++++ Records for this exercise
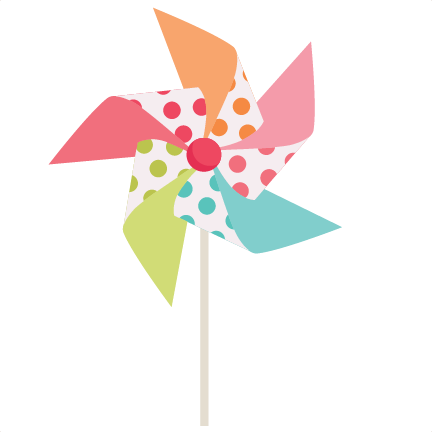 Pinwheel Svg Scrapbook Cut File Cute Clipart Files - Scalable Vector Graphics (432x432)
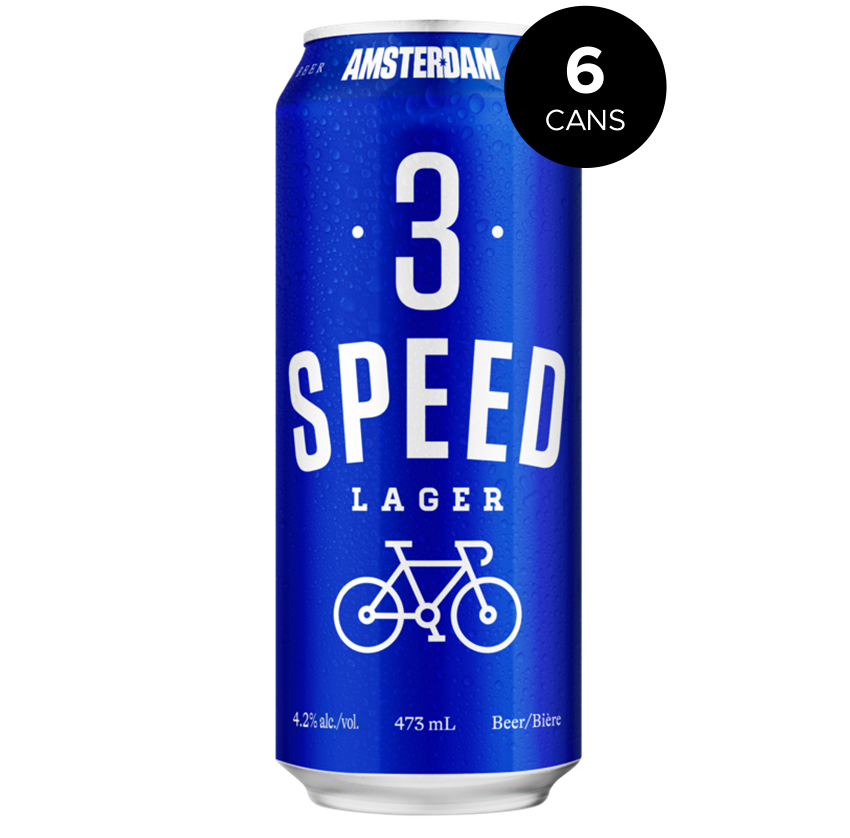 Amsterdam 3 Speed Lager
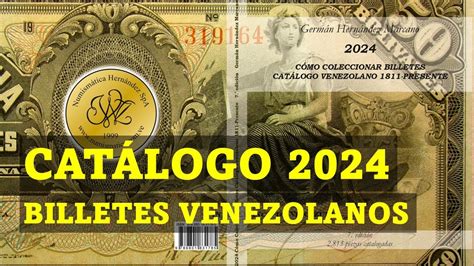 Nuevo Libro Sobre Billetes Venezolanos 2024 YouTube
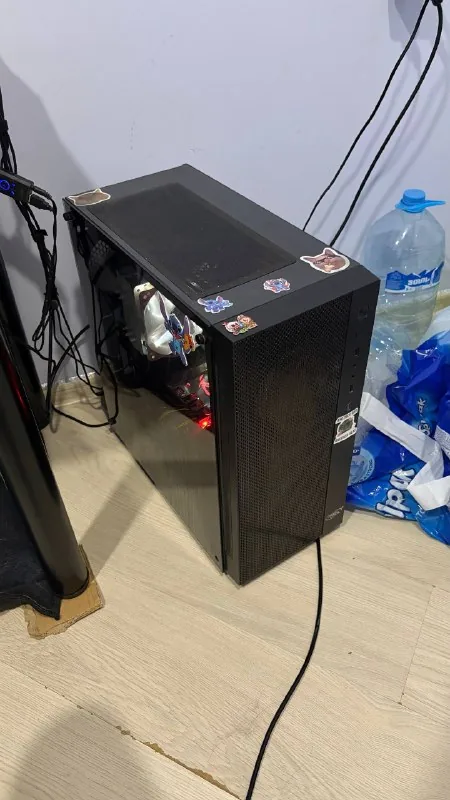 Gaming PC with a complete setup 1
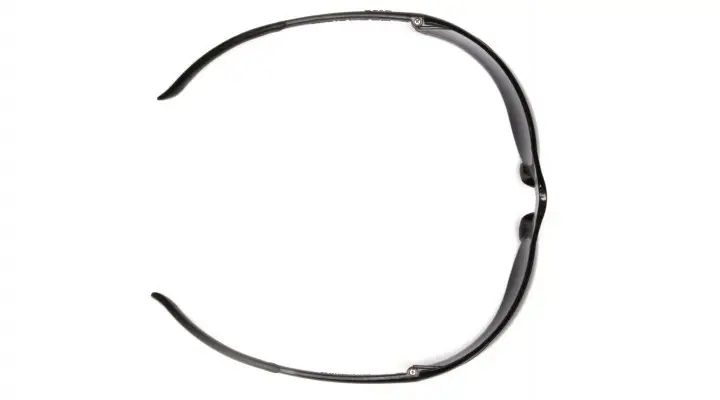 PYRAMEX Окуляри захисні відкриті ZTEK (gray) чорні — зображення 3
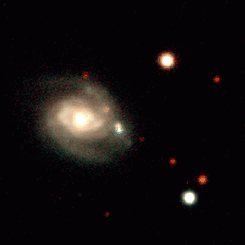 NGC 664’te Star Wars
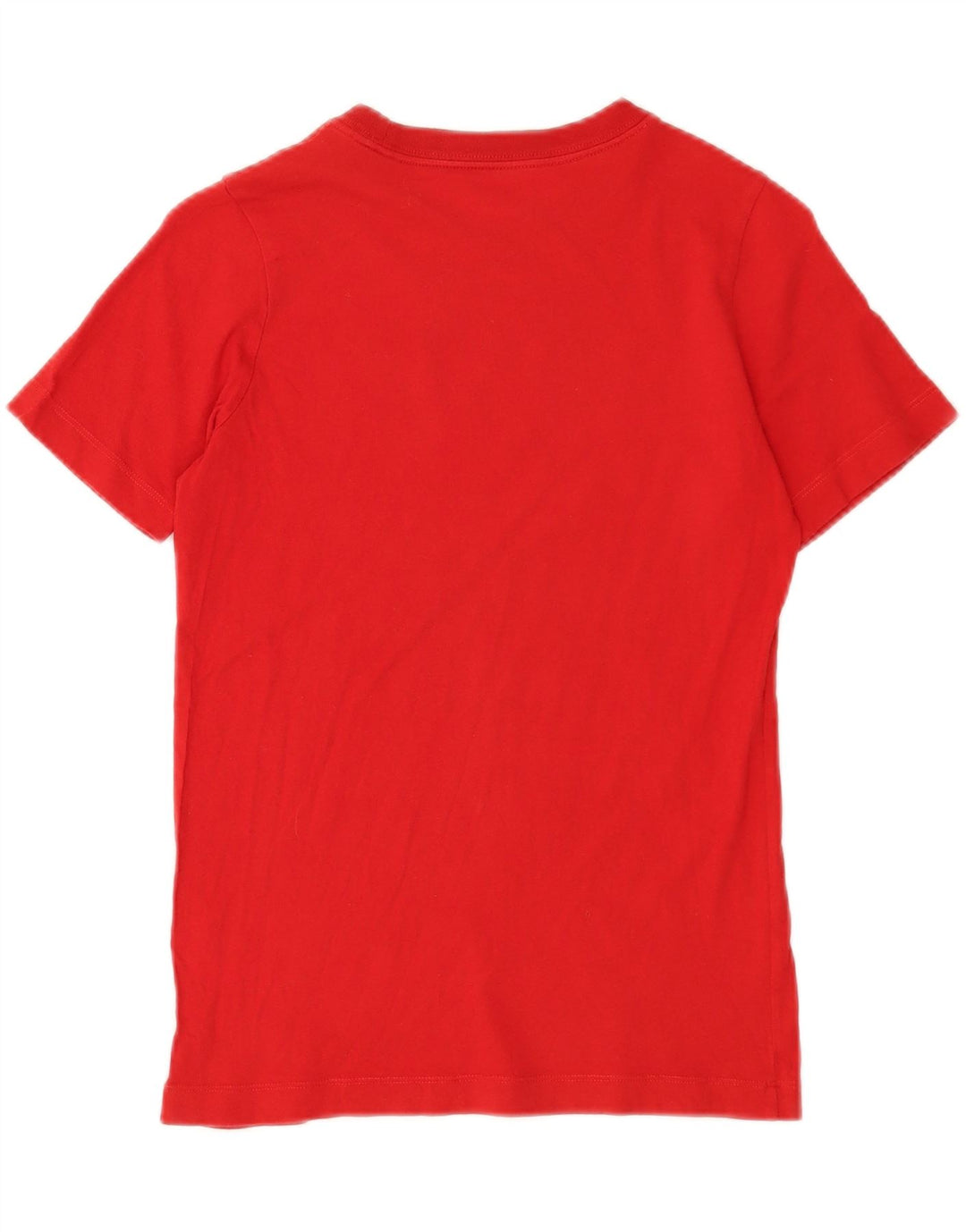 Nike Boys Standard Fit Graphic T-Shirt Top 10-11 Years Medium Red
++++++++
++++ Records for this exercise
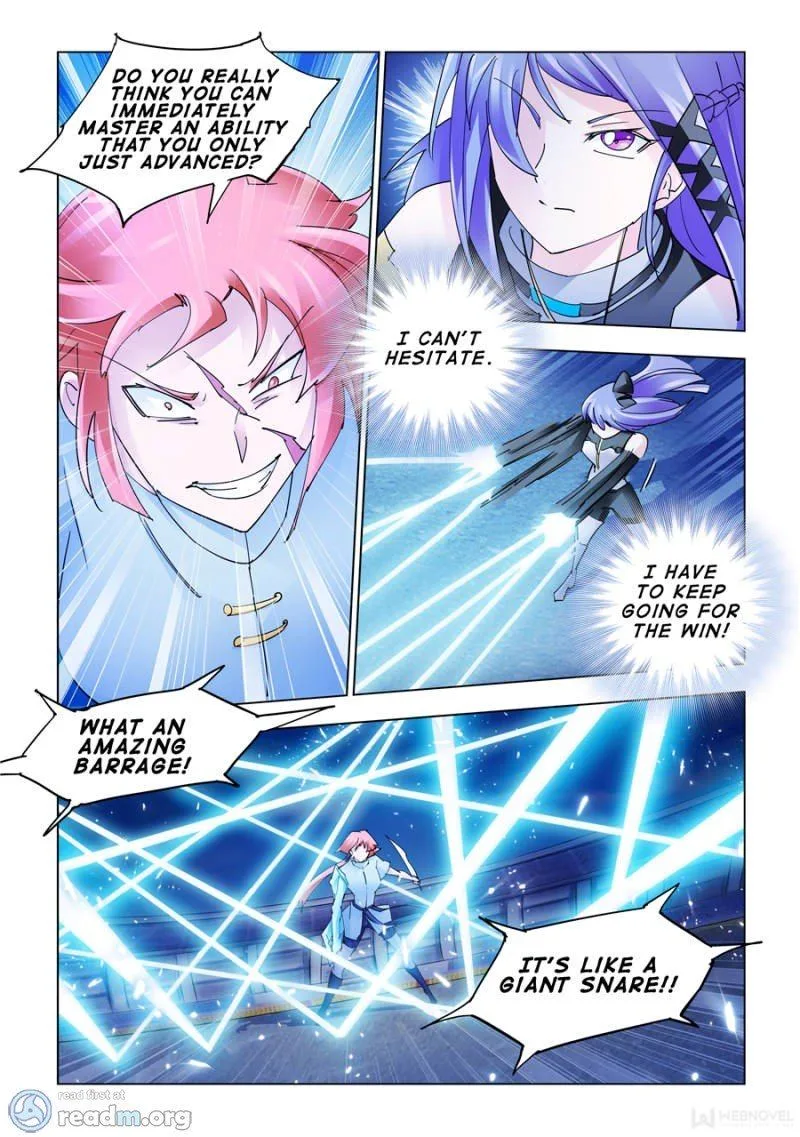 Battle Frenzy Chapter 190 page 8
++++++++
**Requirement:**
Using the material above, transcribe exactly the lines from the one holding "Pinwheel Svg Scrapbook" to the one holding "Nike Boys Standard", both ends kept. Do not carry over any pictures.

**Solution to this exercise:**
 Pinwheel Svg Scrapbook Cut File Cute Clipart Files - Scalable Vector Graphics (432x432)
 Amsterdam 3 Speed Lager
 Nuevo Libro Sobre Billetes Venezolanos 2024 YouTube
 Gaming PC with a complete setup 1
 PYRAMEX Окуляри захисні відкриті ZTEK (gray) чорні — зображення 3
 NGC 664’te Star Wars
 Nike Boys Standard Fit Graphic T-Shirt Top 10-11 Years Medium Red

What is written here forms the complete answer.